We present the unusual association of HCC with a new subtype of ICC, known as “ductal plate malformation (DPM),” in a patient with hemoperitoneum. As no similar cases were reported in Medline or Web of Science databases, the clinicopathological features of this rare entity will be presented based on an extensive review of the literature.
Case
2
Clinical Findings
2.1
A 67‐year‐old male patient was admitted to the Emergency Department of Emergency County Clinical Hospital of Targu‐Mures, Romania, complaining of right hypochondrial pain, general weakness, melena, and weight loss.
Timeline
2.2
The 67‐year‐old male patient had previously been diagnosed with systemic hypertension and diabetes mellitus type 2. He was a smoker and had been abstinent from alcohol for 1 year. The patient's medical history was negative for drug consumption, blood transfusion, hepatitis, and liver cirrhosis, and there was no significant family history of liver disease. At the present admission, abdominal magnetic resonance imaging (MRI) revealed a hemoperitoneum that was caused by rupture of a liver tumor and emergent surgery was decided (Figure 1).

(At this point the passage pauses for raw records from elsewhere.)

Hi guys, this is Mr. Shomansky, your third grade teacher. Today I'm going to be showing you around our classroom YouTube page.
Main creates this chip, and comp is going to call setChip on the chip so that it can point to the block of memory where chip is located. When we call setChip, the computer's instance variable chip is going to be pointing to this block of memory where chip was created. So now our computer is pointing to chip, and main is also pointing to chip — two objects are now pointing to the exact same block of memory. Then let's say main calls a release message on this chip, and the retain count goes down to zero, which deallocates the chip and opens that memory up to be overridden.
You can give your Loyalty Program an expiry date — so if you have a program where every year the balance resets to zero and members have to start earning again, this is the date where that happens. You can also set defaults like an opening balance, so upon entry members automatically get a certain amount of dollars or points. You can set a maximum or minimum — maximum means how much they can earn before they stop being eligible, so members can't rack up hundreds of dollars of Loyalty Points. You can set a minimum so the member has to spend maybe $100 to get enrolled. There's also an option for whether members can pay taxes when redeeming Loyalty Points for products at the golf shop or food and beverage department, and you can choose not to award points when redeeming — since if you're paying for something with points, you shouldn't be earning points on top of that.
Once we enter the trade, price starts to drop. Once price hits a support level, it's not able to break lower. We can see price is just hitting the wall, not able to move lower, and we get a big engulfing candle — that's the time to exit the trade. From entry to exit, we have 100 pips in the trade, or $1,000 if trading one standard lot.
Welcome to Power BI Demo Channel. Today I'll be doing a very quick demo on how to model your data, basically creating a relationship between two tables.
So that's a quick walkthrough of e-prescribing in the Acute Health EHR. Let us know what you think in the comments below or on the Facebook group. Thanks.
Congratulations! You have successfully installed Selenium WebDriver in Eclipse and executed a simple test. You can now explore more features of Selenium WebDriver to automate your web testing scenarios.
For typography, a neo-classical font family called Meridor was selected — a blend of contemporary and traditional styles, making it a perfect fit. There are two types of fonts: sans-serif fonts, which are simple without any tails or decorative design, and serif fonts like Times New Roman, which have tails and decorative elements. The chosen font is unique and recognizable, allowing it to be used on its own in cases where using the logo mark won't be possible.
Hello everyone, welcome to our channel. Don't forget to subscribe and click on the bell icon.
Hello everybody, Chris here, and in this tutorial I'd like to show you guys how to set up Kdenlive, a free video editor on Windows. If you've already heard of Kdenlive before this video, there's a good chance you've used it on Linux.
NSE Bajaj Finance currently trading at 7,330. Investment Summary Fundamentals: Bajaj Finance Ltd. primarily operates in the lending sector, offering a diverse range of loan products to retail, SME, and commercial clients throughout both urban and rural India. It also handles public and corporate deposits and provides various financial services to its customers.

Timeline of a 67‐year‐old patient with synchronous HCC and ICC with a DPM component.
Diagnostic Assessment
2.3
The MRI revealed hemoperitoneum and a relatively well‐defined tumor mass measuring 33 × 33 × 41 mm^3^ located in the fifth/sixth segments of the liver. The tumor, which was called “tumor A,” had low signal intensity on T1‐weighted imaging (T1WI) and high intensity on T2WI, with arterial‐enhancing and delayed wash‐out and diffusion restriction as indicators of malignancy, suggesting an HCC (Figure 2).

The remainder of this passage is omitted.